Anyway I was having a quick squint at the videos (…which are all excellent and great scenery!) and was minded of a map. It belongs to Dumfries Museum and is a bit modern for us…but they wanted it copied. Not sure that there are any names that you will not have but it should be fun if you are down that way. I think they were done for an archeological dig of some sort. Please use for study only and not for reproduction.
On your questions…
Yes we also had a look at Port Cheek. I started off by thinking that it was a Port Check or a place where the customs boys could have stood to tax any incoming material landed on the peninsula.
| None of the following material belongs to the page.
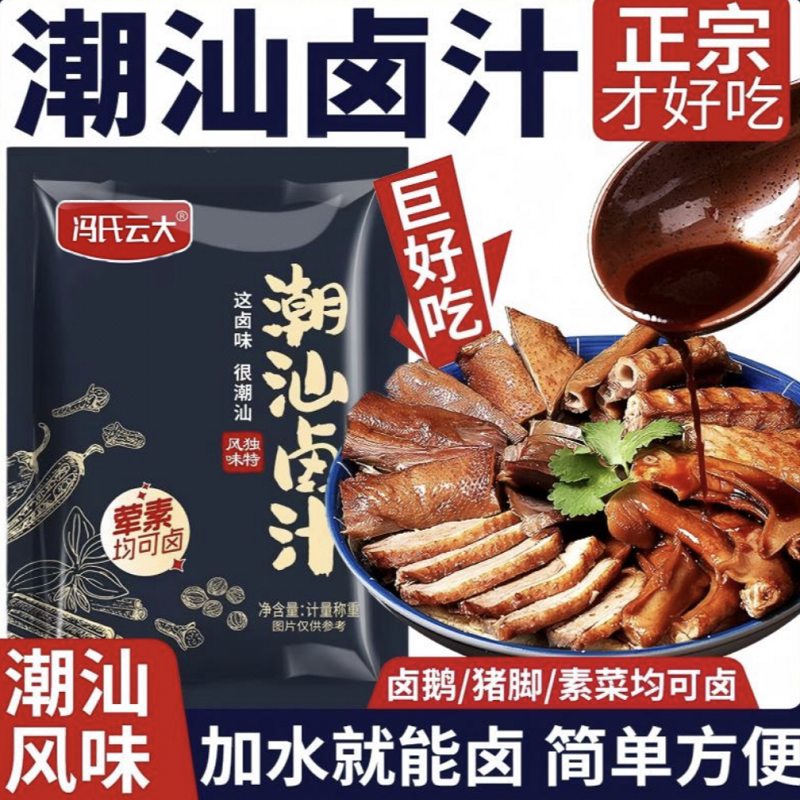 正宗潮汕卤汁老卤水五香卤味料包炖肉料包卤牛肉调料香料卤肉卤菜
Graham pointed out my mistake but actually this could have been what it actually was. “Cheek” in this instance is the “cheek” of a dyke…the bit of walling that abuts the gatepost…so we think that this was indeed a barrier/gate of some sort which would have been manned to cut down the smuggling. By the time the road was changed (to the darker red one) smuggling was not so prevalent(???) and the gate no longer required at that point. The new road would have been post 1786 when Gillone would have been hired by Lord Daer who was organising the roads in the area at the time. This leads me to believe the map was slightly earlier than this…but Graham thinks it later…and the new road added as and when.
I have also had a go at reading the ?abies…and also failed! …but is there only one letter?
I presume that a watch was kept on Watch Hill…but it does not perhaps need a tower. A stand for a beacon or bonfire would have sufficed…but not sure what a watch was kept for… smugglers, shipwrecks, Norse invaders…who knows?